LISA RUSS SPAAR
“GEM TACTICS”: DEPLOYING ECSTATIC RUSES IN POEMS OF ARDOR with LISA RUSS SPAAR
Paul Valéry once pointed out that “A poet’s function . . . is not to experience the poetic state: that is a private affair. His function is to create it in others.” How can we create for our reader, in poems, an experience of our “private,” subjective ardor, be it erotic, ecstatic, melancholy, religious, political, quotidian, cosmic, or other? Metaphor, elision, syntax, juxtaposition, Heaney’s “binding secret” of sound textures, sampling, inter-textuality, varied registers of diction—what Dickinson called her “gem tactics” and Anne Carson: ruses. We will look at how a discerning use of these and other poetic devices help us to say the unsayable, deepen and open our poems to what is at stake in them, as language acts, as testimony, as witness, as play. Workshop will involve constructive critique of student poems and generation of new material. Participants will send 3-4 poems in advance of the workshop.
LISA RUSS SPAAR is the author of several poetry collections, including Satin Cash, Blue Venus, and Glass Town, for which she received a Rona Jaffe Award for Emerging Women Writers in 2000, Vanitas, Rough (Persea, 2012), and most recently, Orexia (Persea, 2017).

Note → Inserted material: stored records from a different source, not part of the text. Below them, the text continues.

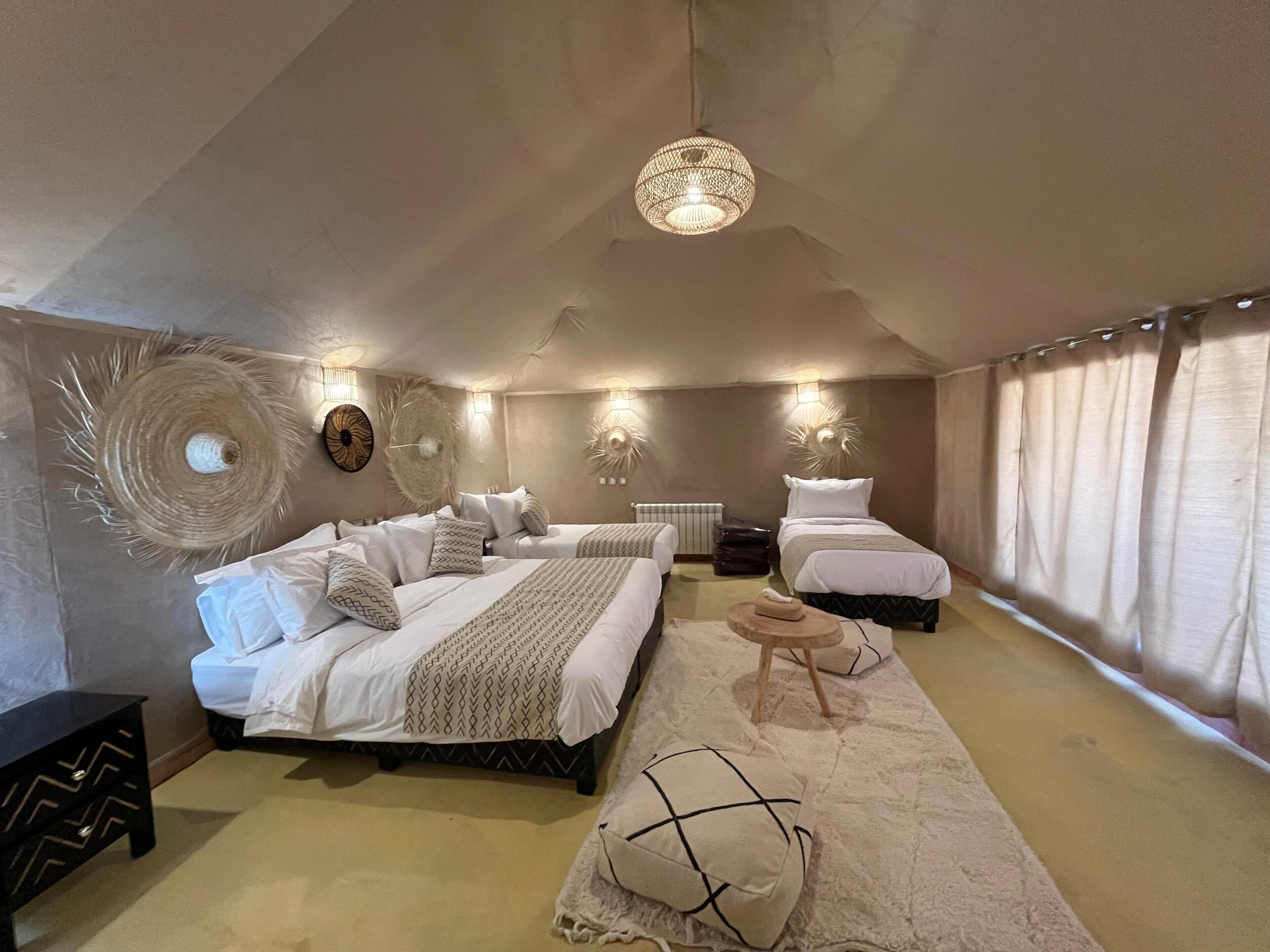 Habitación cuádruple, vista a la montaña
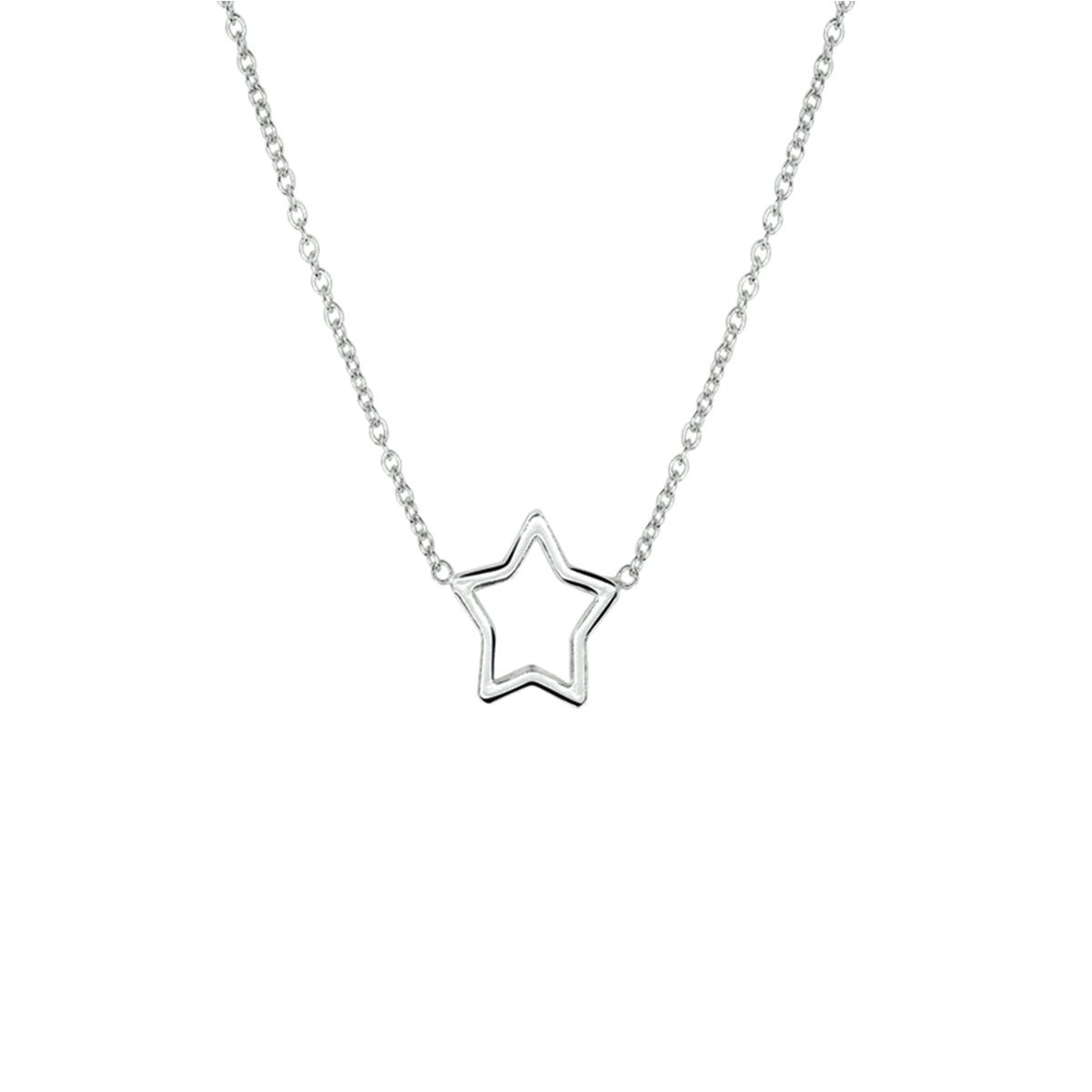 Fantasy Collection Collier ster 41 + 5 cm zilver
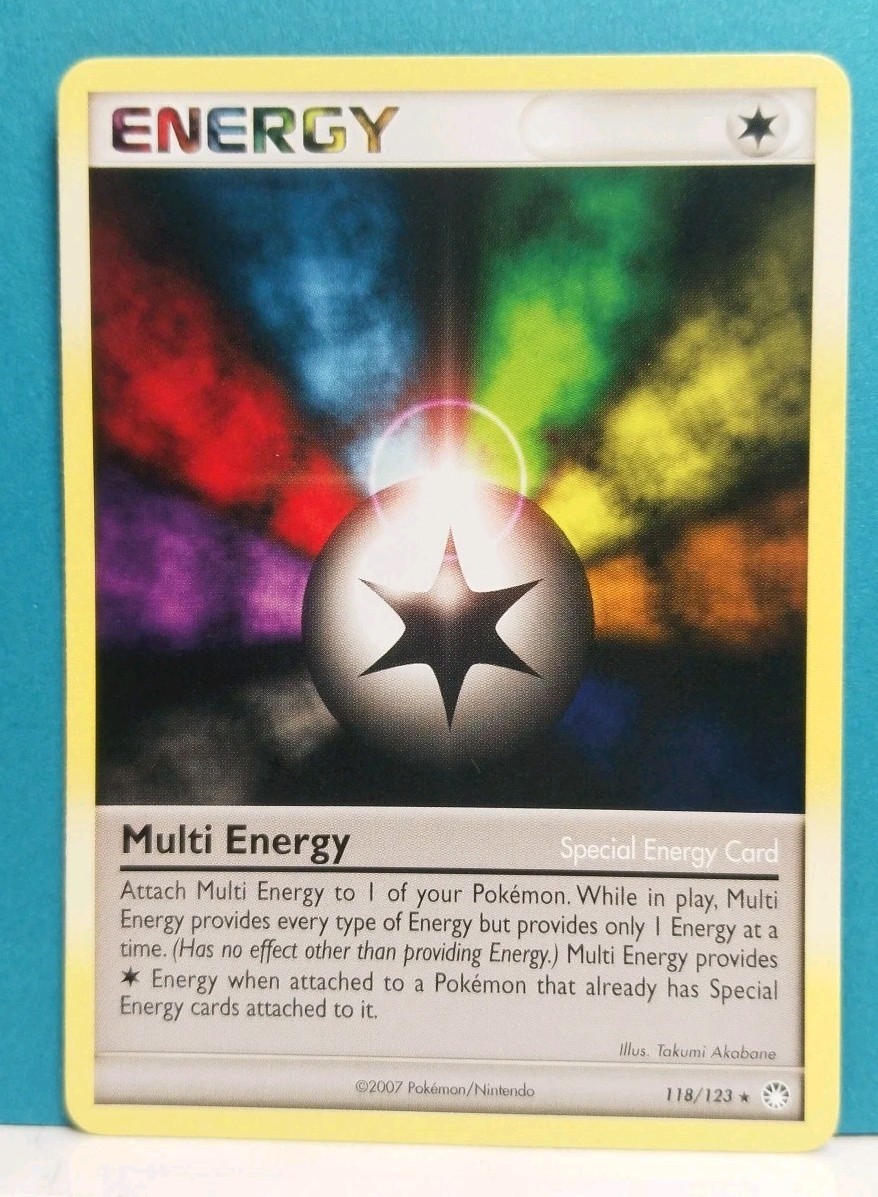 Multi Energy 118/123 Regular Rare Mysterious Treasures Diamond & Pearl Pokémon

She is the editor of Monticello in Mind: Fifty Contemporary Poems on Jefferson, Acquainted With the Night: Insomnia Poems, and All That Mighty Heart: London Poems (Univ. of Virginia Press, 2008). A collection of her essays, The Hide-and-Seek Muse: Annotations of Contemporary Poetry, was published by Drunken Boat Media in 2013. Honors include a Guggenheim Fellowship, the 2009 Library of Virginia Award for Poetry, Outstanding Faculty Award of the State Council of Higher Education for Virginia (2010), and the Carole Weinstein Poetry Award (2011), and awards from the Academy of American Poets and the Virginia Commission for the Arts. Spaar serves as poetry editor for the Chronicle of Higher Education Review and is Founder and Director of the Area Program in Poetry Writing at the University of Virginia, where she is Professor of English.